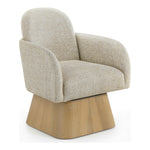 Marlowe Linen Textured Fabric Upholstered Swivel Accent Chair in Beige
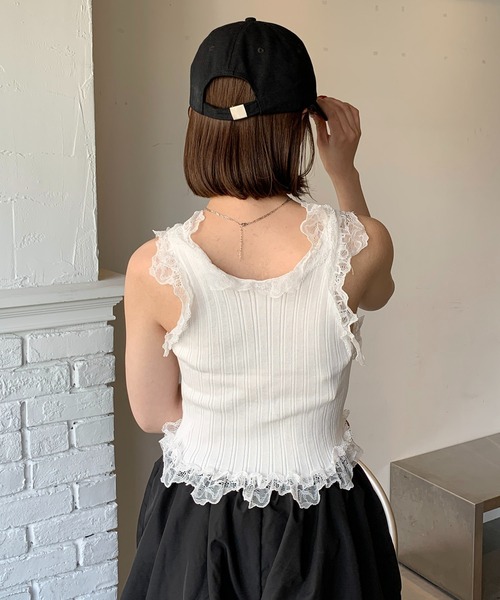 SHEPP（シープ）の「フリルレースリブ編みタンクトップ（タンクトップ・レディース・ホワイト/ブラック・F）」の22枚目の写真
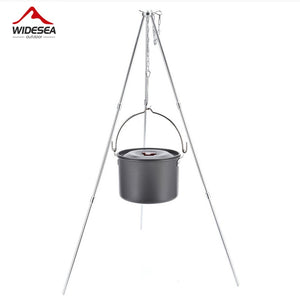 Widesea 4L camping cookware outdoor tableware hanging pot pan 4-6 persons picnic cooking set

◆ ◆ ◆ ◆ ◆ ◆ ◆

Task instructions: Your reply should be the full data above, copied exactly, with no pictures in it.

Worked solution:
 Marlowe Linen Textured Fabric Upholstered Swivel Accent Chair in Beige
 SHEPP（シープ）の「フリルレースリブ編みタンクトップ（タンクトップ・レディース・ホワイト/ブラック・F）」の22枚目の写真
 Widesea 4L camping cookware outdoor tableware hanging pot pan 4-6 persons picnic cooking set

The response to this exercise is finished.